• _SUPPLIED INFORMATION_
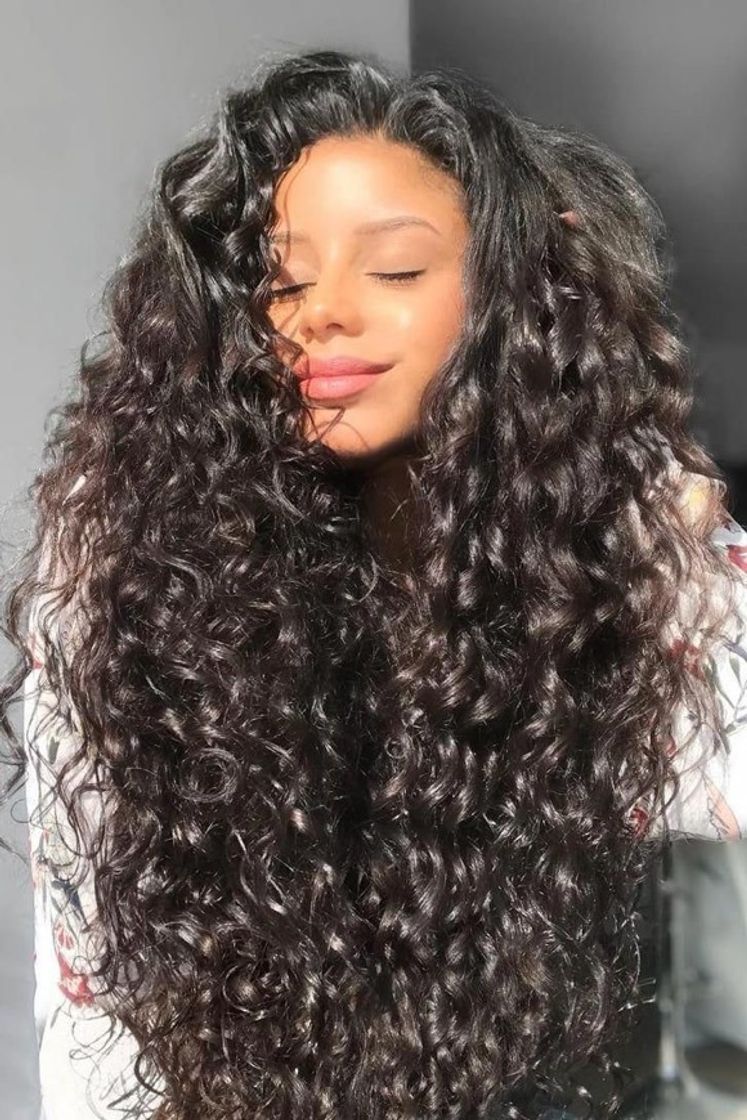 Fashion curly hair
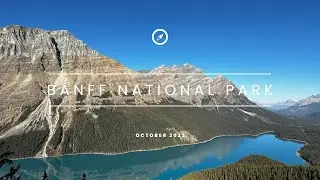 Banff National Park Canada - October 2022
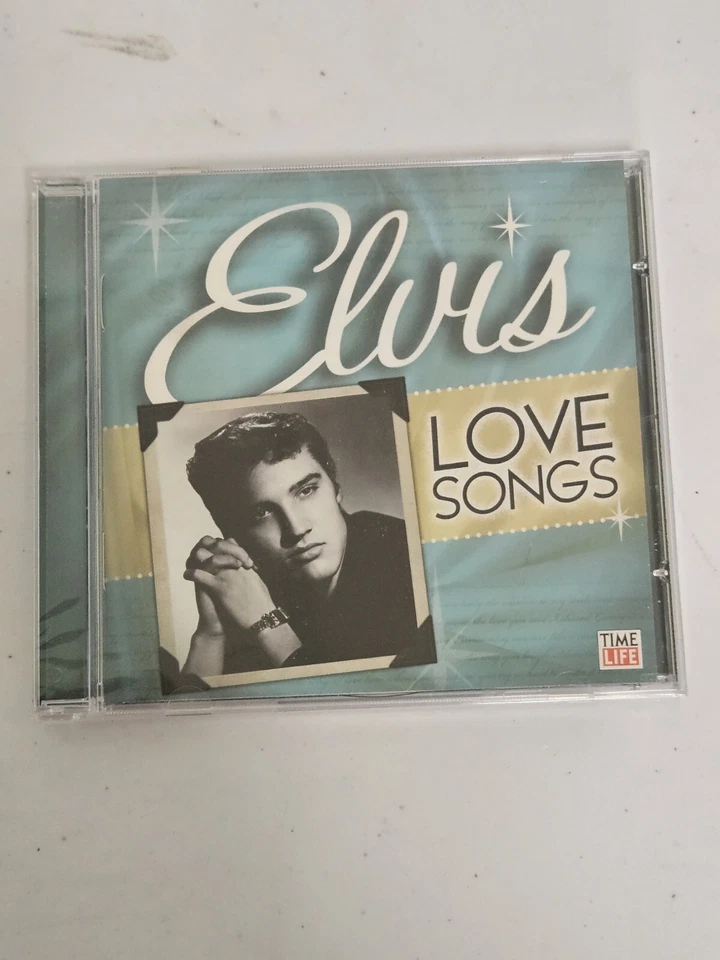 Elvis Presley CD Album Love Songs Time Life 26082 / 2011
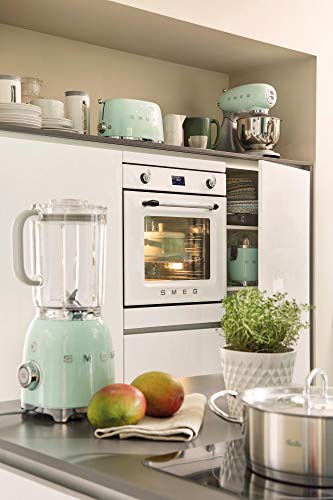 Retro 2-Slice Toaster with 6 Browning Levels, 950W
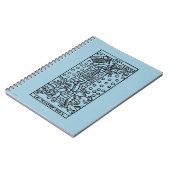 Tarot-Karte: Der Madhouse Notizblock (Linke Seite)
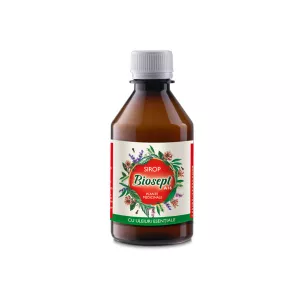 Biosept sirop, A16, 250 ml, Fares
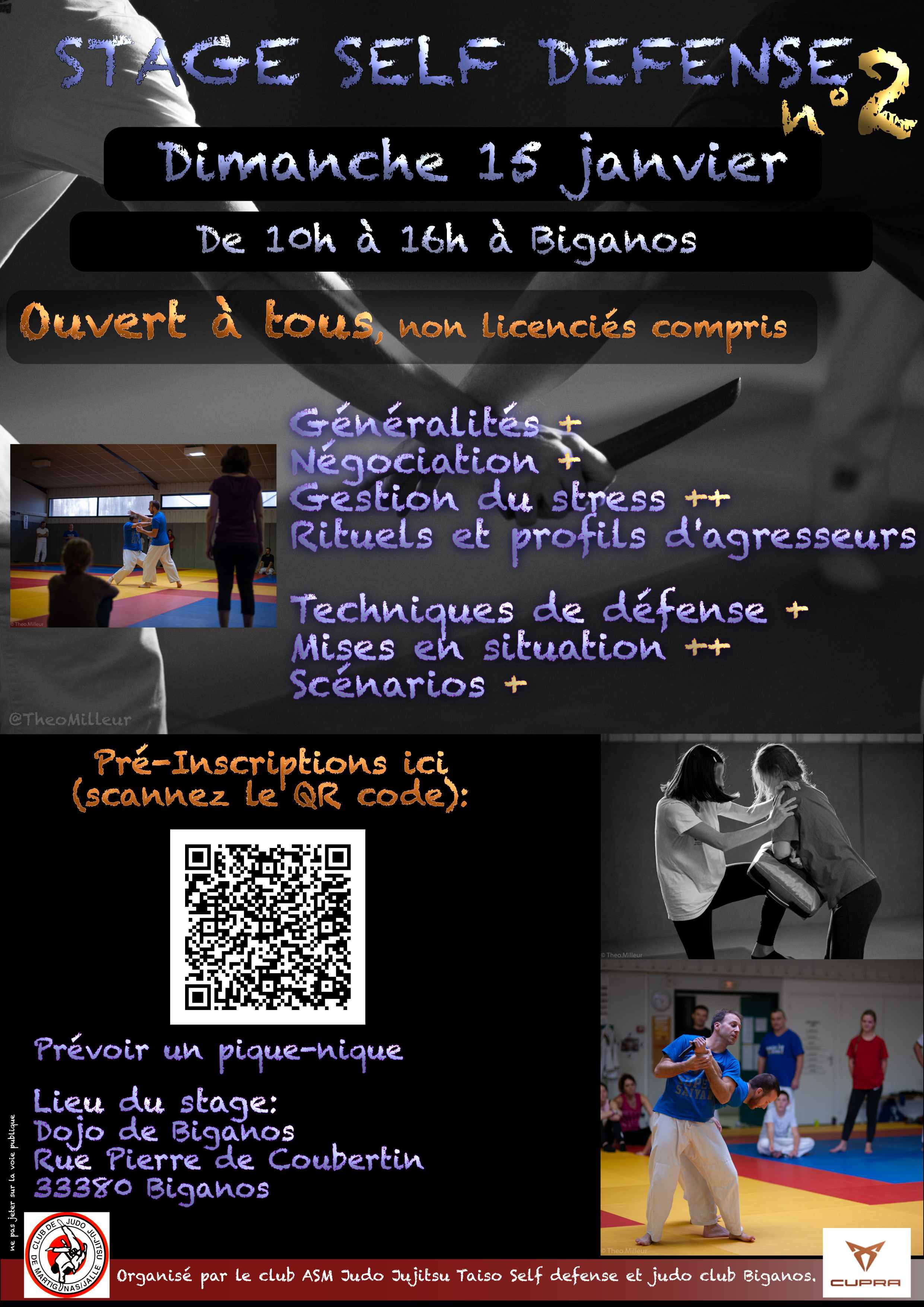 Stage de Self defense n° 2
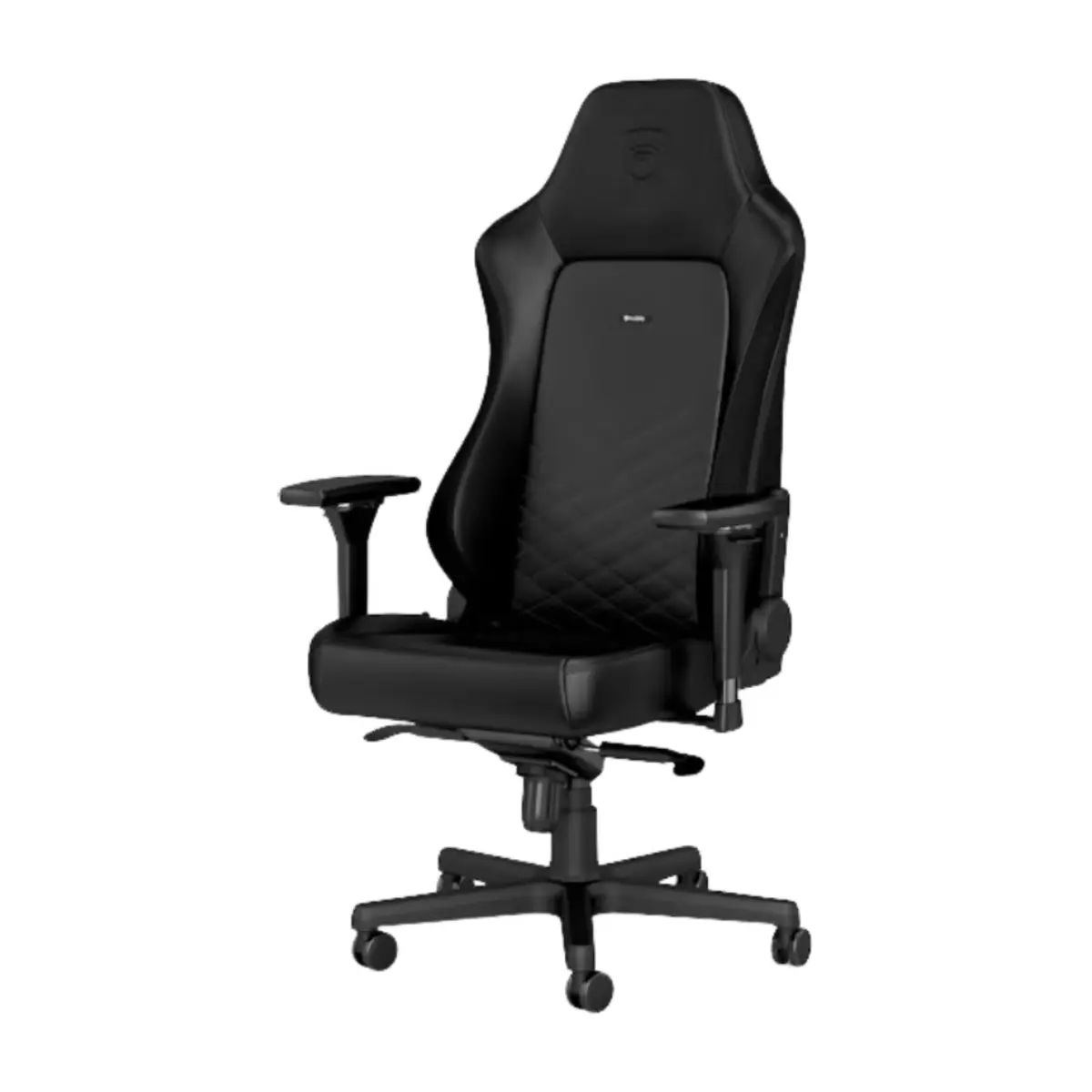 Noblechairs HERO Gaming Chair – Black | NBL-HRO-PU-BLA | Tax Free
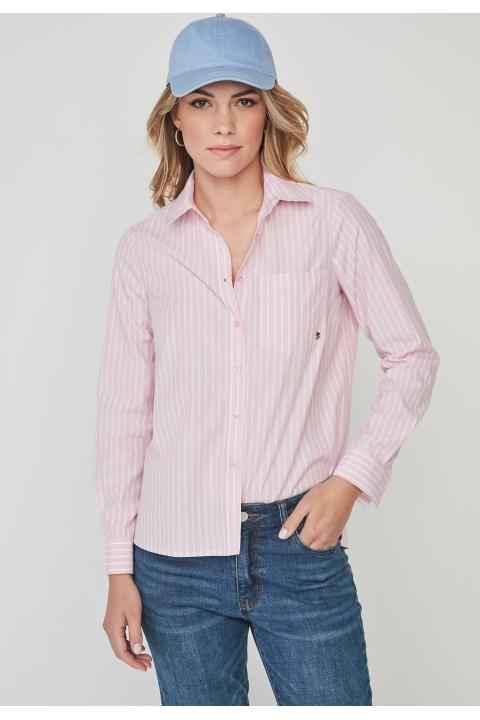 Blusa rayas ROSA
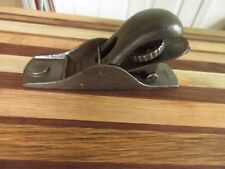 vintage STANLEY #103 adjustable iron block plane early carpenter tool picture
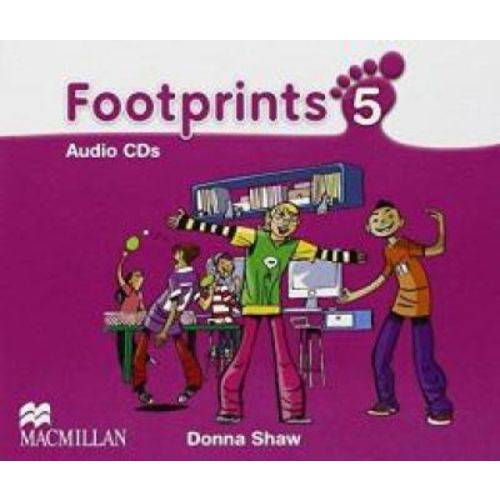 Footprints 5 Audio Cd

• _TASK TO COMPLETE_
Beginning at the line that contains "Noblechairs HERO Gaming", retype each line of the data above through the very last one. Do not retype the pictures.

• _ANSWER BELOW_
 Noblechairs HERO Gaming Chair – Black | NBL-HRO-PU-BLA | Tax Free
 Blusa rayas ROSA
 vintage STANLEY #103 adjustable iron block plane early carpenter tool picture
 Footprints 5 Audio Cd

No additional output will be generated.